Executive Director, African Canadian Legal Clinic

Margaret Parsons

Absolutely. I think perception is important. There's a perception communities may have where they feel it's not accessible. That may or may not be the case. But I think also in terms of what can sometimes be a bureaucratic structure within universities is very problematic.

It's important that the court challenges program, if it is a stand-alone organization, has the administrative dollars to operate properly. No one is getting rich off this program, and in the past they struggled. Currently it's set at a 25% fee, but they have to have those resources. It has to be within a setting, a climate.... If we want to encourage community and we want to bring in community and we want to involve community, how it's structured and where it's placed is very important, and it being stand-alone is very important.

10:35 a.m.

NDP

Murray Rankin NDP Victoria, BC

I understand.

One of the witnesses we had earlier, the West Coast LEAF, has a new women's legal clinic, and their objective is to do real problems for real people but to use that as the laboratory from which to find cases that call for systemic relief.

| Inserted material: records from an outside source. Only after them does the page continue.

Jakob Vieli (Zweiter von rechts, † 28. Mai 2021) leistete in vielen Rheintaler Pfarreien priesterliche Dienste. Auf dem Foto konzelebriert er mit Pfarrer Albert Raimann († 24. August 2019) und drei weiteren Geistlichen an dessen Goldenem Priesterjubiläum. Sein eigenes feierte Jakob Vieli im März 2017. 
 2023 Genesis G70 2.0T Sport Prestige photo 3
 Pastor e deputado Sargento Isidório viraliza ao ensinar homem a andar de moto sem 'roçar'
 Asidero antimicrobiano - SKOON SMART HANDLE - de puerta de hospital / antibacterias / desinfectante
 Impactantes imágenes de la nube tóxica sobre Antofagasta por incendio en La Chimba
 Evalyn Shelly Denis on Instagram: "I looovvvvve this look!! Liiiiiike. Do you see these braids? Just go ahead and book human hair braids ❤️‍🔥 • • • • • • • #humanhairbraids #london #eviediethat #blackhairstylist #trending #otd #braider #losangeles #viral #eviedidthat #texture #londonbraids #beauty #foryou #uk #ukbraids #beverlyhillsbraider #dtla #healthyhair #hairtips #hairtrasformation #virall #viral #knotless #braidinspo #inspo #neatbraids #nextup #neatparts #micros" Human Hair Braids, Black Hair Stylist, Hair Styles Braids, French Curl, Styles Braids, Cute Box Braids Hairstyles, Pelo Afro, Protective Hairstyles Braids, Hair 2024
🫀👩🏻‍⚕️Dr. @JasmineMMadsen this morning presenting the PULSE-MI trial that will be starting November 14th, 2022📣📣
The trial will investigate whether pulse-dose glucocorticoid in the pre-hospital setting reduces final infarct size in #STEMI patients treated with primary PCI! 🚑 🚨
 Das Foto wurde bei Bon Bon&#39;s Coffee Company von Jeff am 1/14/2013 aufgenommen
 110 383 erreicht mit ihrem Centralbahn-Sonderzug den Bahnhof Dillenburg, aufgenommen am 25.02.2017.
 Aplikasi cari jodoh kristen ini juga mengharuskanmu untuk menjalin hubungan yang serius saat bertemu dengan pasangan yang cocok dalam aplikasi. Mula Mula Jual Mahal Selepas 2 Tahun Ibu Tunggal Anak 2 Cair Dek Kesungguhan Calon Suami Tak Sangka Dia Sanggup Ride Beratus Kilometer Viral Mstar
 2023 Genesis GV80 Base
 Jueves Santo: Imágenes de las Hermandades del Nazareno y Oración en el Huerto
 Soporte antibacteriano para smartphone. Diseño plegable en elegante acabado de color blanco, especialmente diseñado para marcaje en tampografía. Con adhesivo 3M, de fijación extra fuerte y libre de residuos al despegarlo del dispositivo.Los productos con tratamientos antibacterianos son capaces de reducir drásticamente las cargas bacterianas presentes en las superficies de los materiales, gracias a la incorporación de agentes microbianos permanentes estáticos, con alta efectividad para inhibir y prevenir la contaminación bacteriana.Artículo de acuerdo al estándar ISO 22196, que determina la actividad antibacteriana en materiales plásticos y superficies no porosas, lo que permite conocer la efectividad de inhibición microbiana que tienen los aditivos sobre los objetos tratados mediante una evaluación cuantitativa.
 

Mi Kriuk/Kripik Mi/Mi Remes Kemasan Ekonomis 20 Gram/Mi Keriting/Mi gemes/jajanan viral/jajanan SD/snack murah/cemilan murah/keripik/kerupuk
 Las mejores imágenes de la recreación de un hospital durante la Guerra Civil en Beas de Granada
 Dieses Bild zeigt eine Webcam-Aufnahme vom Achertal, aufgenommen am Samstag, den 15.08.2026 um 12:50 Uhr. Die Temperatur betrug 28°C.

I just wanted to ensure that's essentially what the African Canadian Legal Clinic does. You choose cases that might have more systemic importance.

10:35 a.m.

Executive Director, African Canadian Legal Clinic

Margaret Parsons

Yes, absolutely.

10:35 a.m.

NDP

Murray Rankin NDP Victoria, BC

So you'll be able to generate things that a court challenges program would assess.

10:35 a.m.

Executive Director, African Canadian Legal Clinic

Margaret Parsons

Absolutely.

10:35 a.m.

NDP

Murray Rankin NDP Victoria, BC

Thank you.

I want to ask Mr. Mia a couple of questions, if I may. First of all, I would like to congratulate you on all of the work you personally did on C-51. We're very grateful to you that we did excellent work on that. I was surprised, therefore, that you didn't spend any time in your presentation talking about the Charkaoui case, and cases like that, so I'll give you an opportunity to talk about the court challenges program in that context.

10:35 a.m.

Member, Legal Advocacy Committee, Canadian Muslim Lawyers Association

Ziyaad Mia

Thank you for the compliment. A lot of people worked on Bill C-51, there were various community advocates and lawyers who were quite active on it.

In terms of national security issues, let's focus on the Muslim community impact. For whatever reasons, Muslims in Canada are disproportionately affected by the national security file and the war on terror, globally, and in Canada as well. That can sometimes have discriminatory impacts directly.

So you have cases where we've had the security certificate issue where Muslim men were detained without charge, without access to counsel essentially, and with secret hearings because they didn't even have a trial per se. In that case, in the Charkaoui decision, the Supreme Court ruled in that instance.

That I believe was funded by CCP on a section 15 issue—and I still think there's a section 15 issue there—and they lost on that issue but they won on section 7. It's just fundamental justice that in Canada and in our system having essentially a secret hearing is antithetical to our system of justice and the rule of law. The special advocate model was created as a result of that decision.

That's one instance on particular communities, communities that my organization has experience with, or take, for example, the Arar issue. There wasn't legislation per se, but the charter can challenge government action, so what actions the Government of Canada took to lead to Mr. Arar's horrible situation in Syria. Those are the sorts of situations where national security can come up.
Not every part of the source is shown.